If a string is given as a second parameter to typing.Annotated, it will be interpreted as the description of the parameter. If a dictionary is given, it will be supplied as keyword arguments to argparse.ArgumentParser.add_argument() in the stepsblender.load module to automatically add the parameter as a command-line argument.

Simple types like int and float will be converted from the string provided as a command-line argument to the correct value, more complex types might require additional implementation, see for example stepsblender.utils.makeCreatableFromStr().

static getAllAnnotations(cls)[source]: Return all annotations from a class and its parents

classmethod using(**kwargs)[source]: Create a subclass of cls that uses the given keyword arguments as attributes / default value

AddBlenderDataSaving(sim, verbose=True, **kwargs)[source]

Add result selectors saving all data that can be visualized in Blender

Parameters:

sim (steps.API_2.sim.Simulation) – The simulation to which result selectors should be added
verbose (bool) – Display which result selectors are being added to the simulation.
**kwargs – Keyword arguments that will be forwarded to steps.API_2.sim.Simulation.toSave() (for example the dt argument)

Usage example:

AddBlenderDataSaving(sim, dt=1e-3)

14.9.4. stepsblender.state

class StateDependentObject(**kwargs)[source]

Base class for objects whose material can change as a funciton of its state

This class can be used in place of BlenderObject to customize the material of the object as a function of the state of the STEPS object.

There are two possible ways to achieve this:

Use a small number of materials that are already declared in the Blender file;
Programatically customize the material of the object.

The first way is done by setting the setMaterialFunc parameter to a function with the following signature:

def myCustomMatSetFunc(scene, depg, state) -> str

The first two parameters are passed from the bpy.app.handlers.frame_change_pre callback function (see https://docs.blender.org/api/current/bpy.app.handlers.html).

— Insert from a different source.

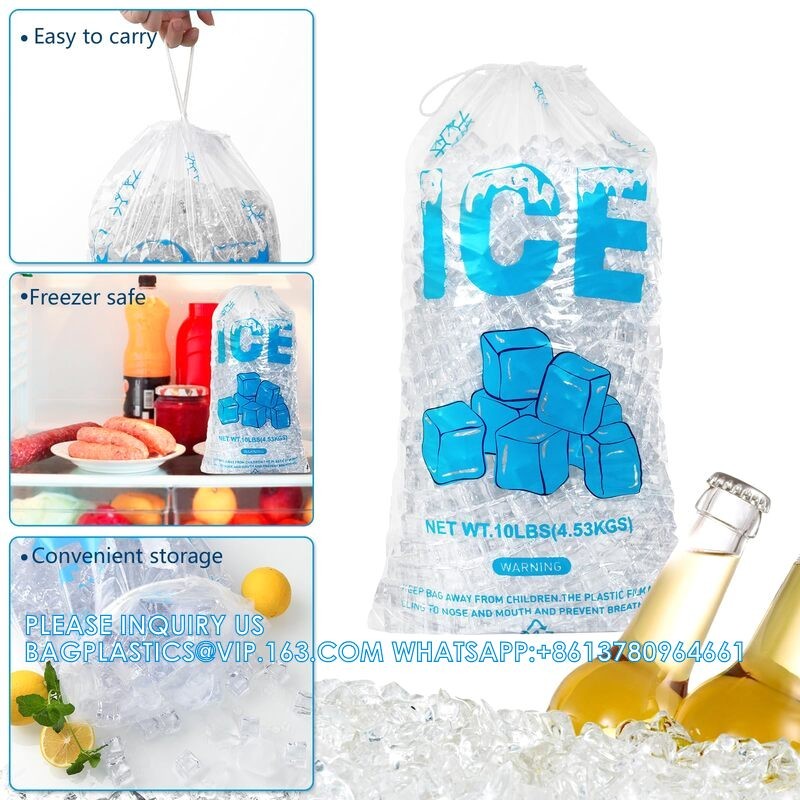 Reusable Ice Pattern Design Printing 2mil Thickness Heavy-Duty Plastic Ice Cube Storage Bags With Cotton Drawstring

The third parameter contains the state of the object (see table in StateDependentMesh). The function should return a string that is the name of a material in the Blender file.

The second way is done by setting the updateMaterialFunc parameter to a function with the following signature:

def myCustomMatUpdateFunc(scene, depg, material, state) -> None

The first two parameters are identical. The third parameter is the bpy.types.Material object that is attributed to the object and should be modified by the function. The last parameter is the state of the object (see tables in StateDependentMesh).

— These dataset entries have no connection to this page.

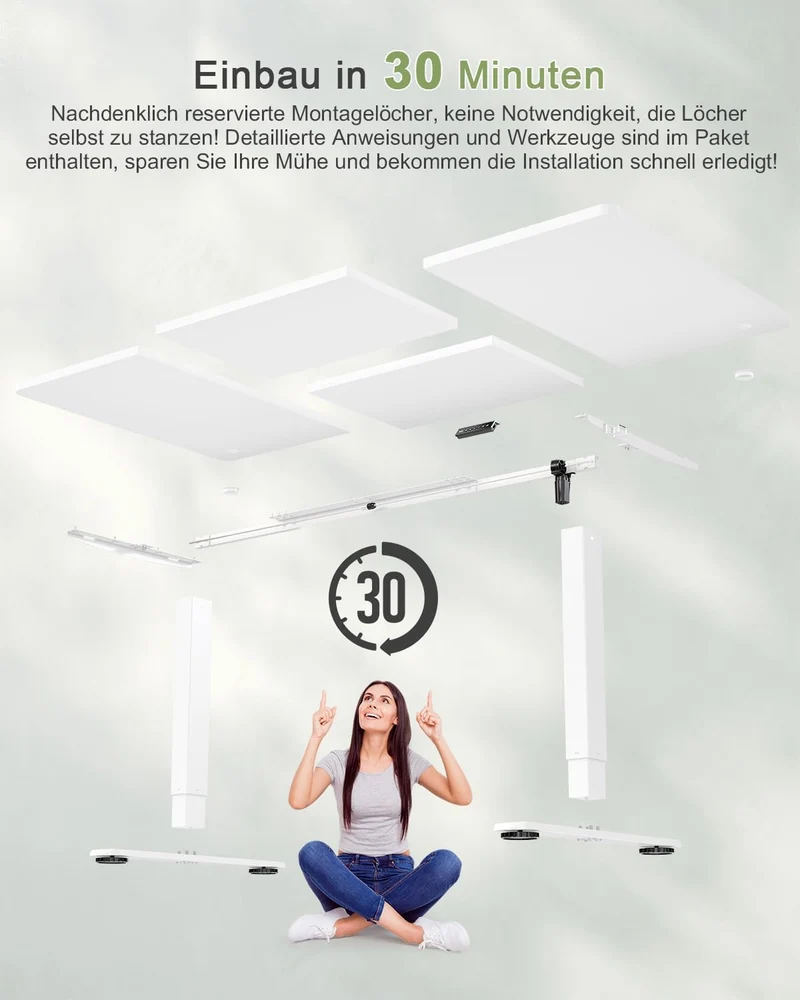 JUMMICO höhenverstellbarer Schreibtisch elektrisch – Steh-Sitz Tisch modernh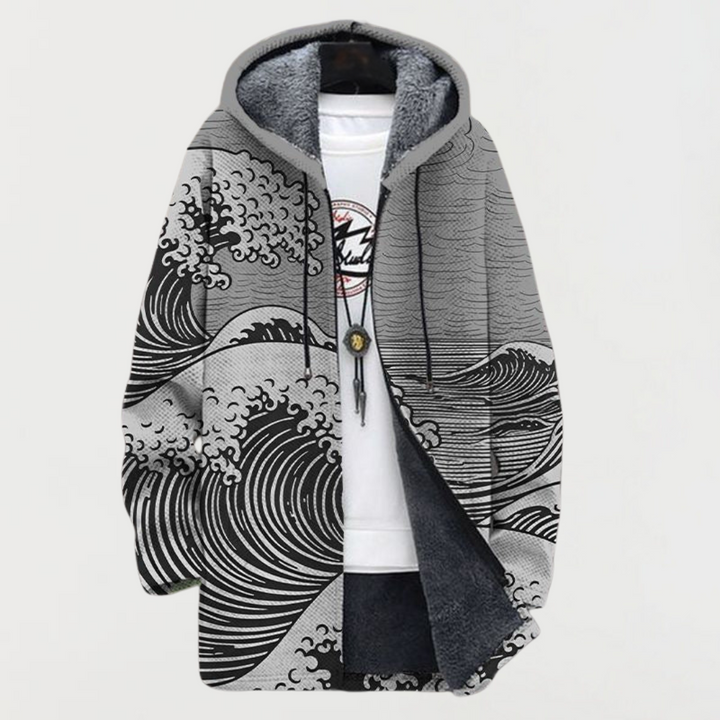 Abrigo con estampado de olas 5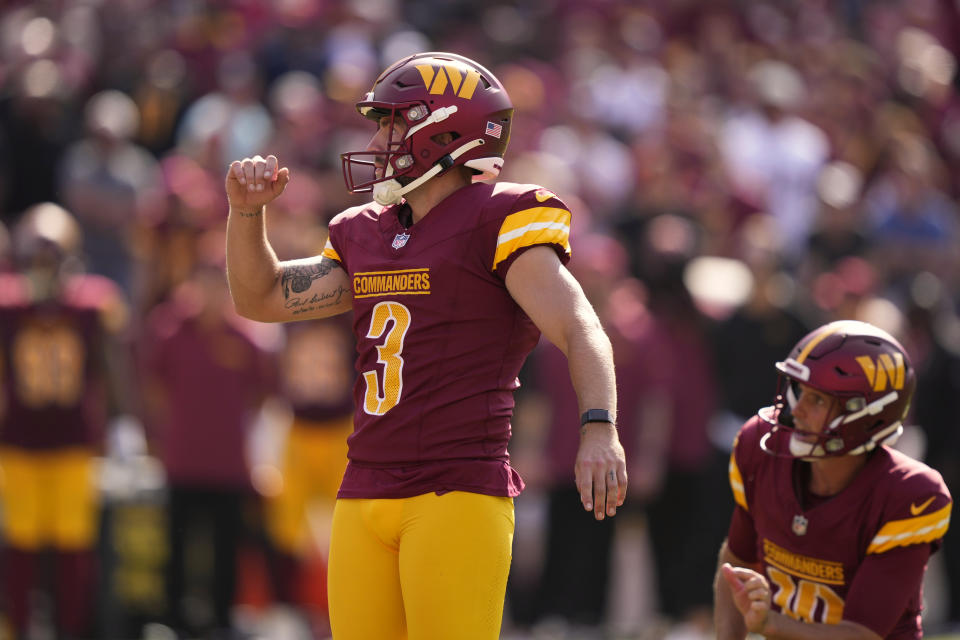 Washington Commanders place kicker Austin Seibert (3) celebrates his field goal against the New York Giants during the second half of an NFL football game in Landover, Md., Sunday, Sept. 15, 2024. (AP Photo/Matt Slocum)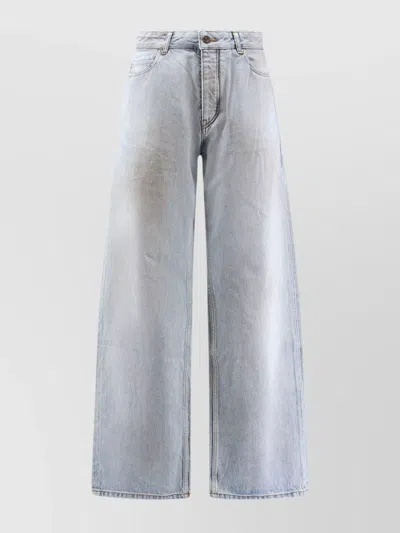BALENCIAGA RELAXED FIT WIDE LEG DENIM TROUSERS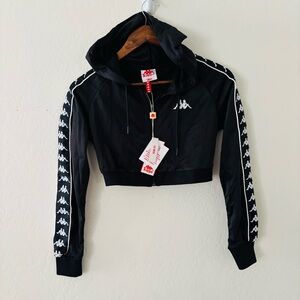 Kappa Women's Black White Cropped Zip Up Bomber Jacket Size Small NWT Slim Fit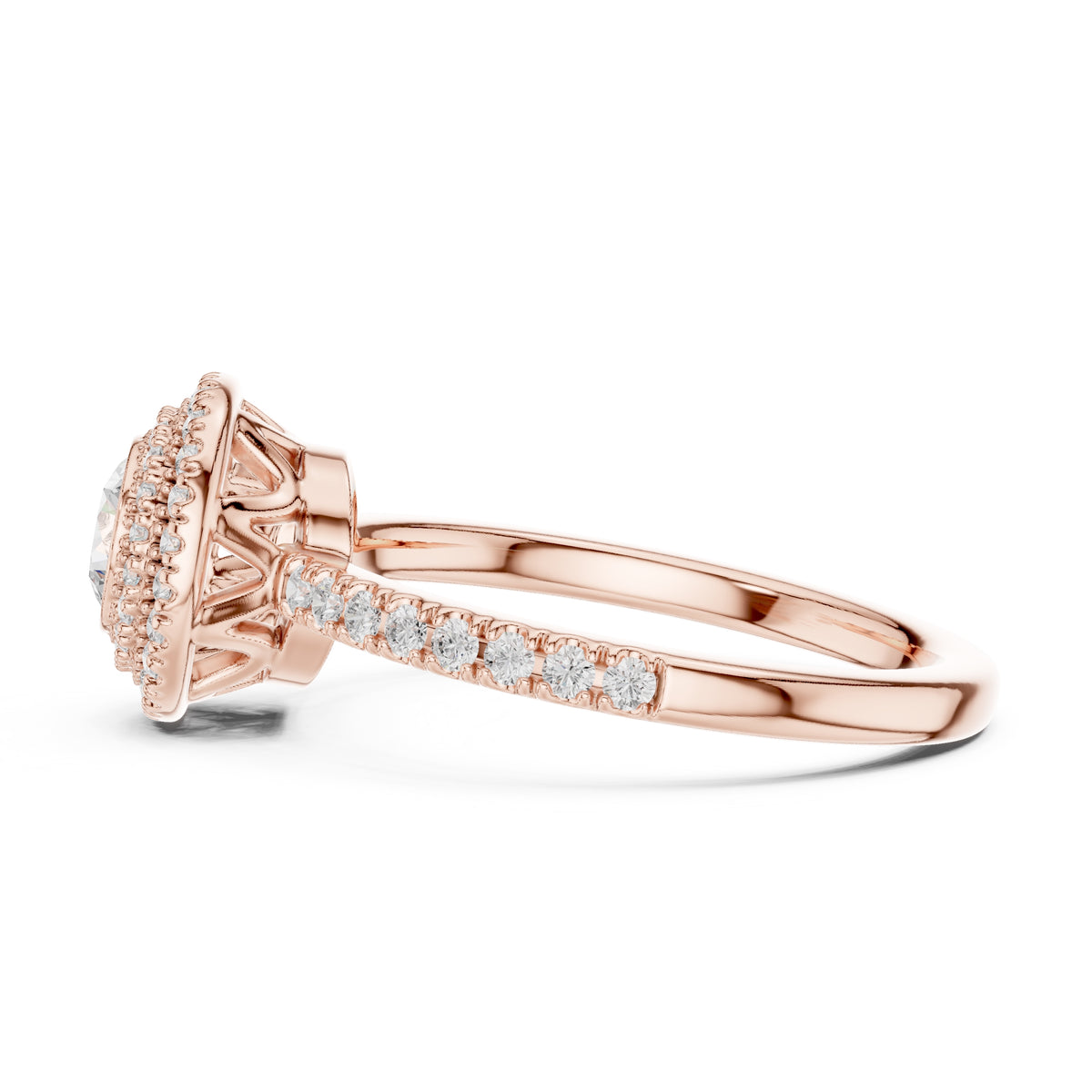 The Duchess Double Halo Ring 0.61ct Rose Gold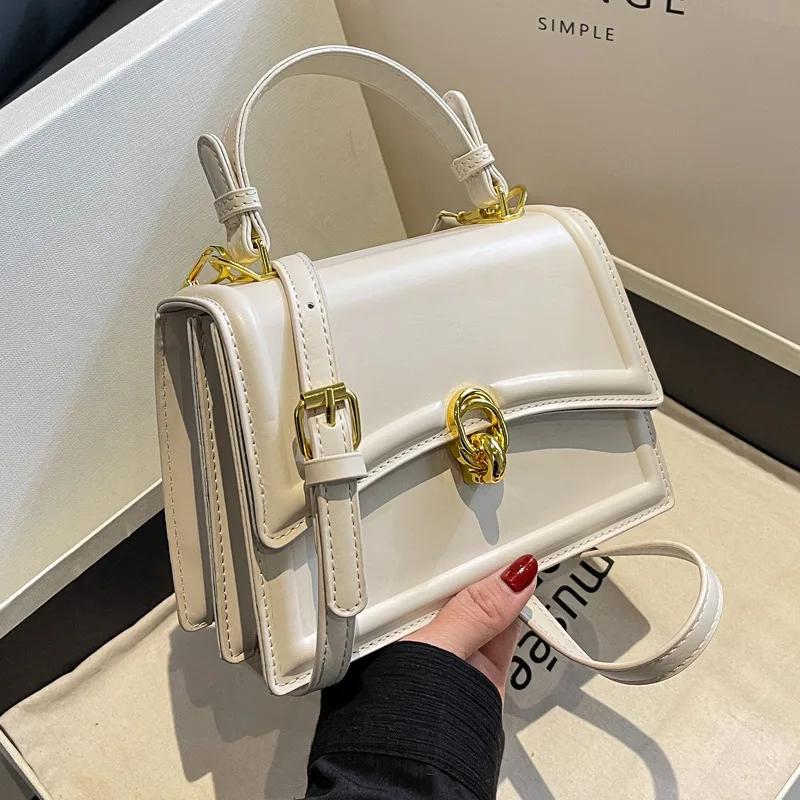 Small Portable Black Square Shopping Bag Versatile Textured PU Shoulder Bag Popular Fashion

class StateDependentSeparateObjects(**kwargs)[source]

Base class for state-dependent objects like Vesicles or Rafts

This class can be used in place of SeparateObjects to customize the material of each object as a function of the state of the STEPS object (its position, the species on its surface, etc.).

There are two possible ways to achieve this:

Use a small number of materials that are already declared in the Blender file;
Programatically customize the material of each object.

The first way is done by setting the setMaterialFunc parameter to a function with the following signature:

def myCustomMatSetFunc(scene, depg, state) -> str

The first two parameters are passed from the bpy.app.handlers.frame_change_pre callback function (see https://docs.blender.org/api/current/bpy.app.handlers.html). The third parameter contains the state of the object (see tables in StateDependentVesicle or StateDependentRaft). The function should return a string that is the name of a material in the Blender file.

The second way is done by setting the updateMaterialFunc parameter to a function with the following signature:

def myCustomMatUpdateFunc(scene, depg, material, state) -> None

The first two parameters are identical. The third parameter is the bpy.types.Material object that is attributed to the object and should be modified by the function. The last parameter is the state of the object (see tables in StateDependentVesicle or StateDependentRaft).

14.9.5. stepsblender.statedep

class StateDependentVesicles(**kwargs)[source]

Subclass of BlenderVesicles that allows to dynamically change material of vesicles

See StateDependentSeparateObjects for information about material set and update functions.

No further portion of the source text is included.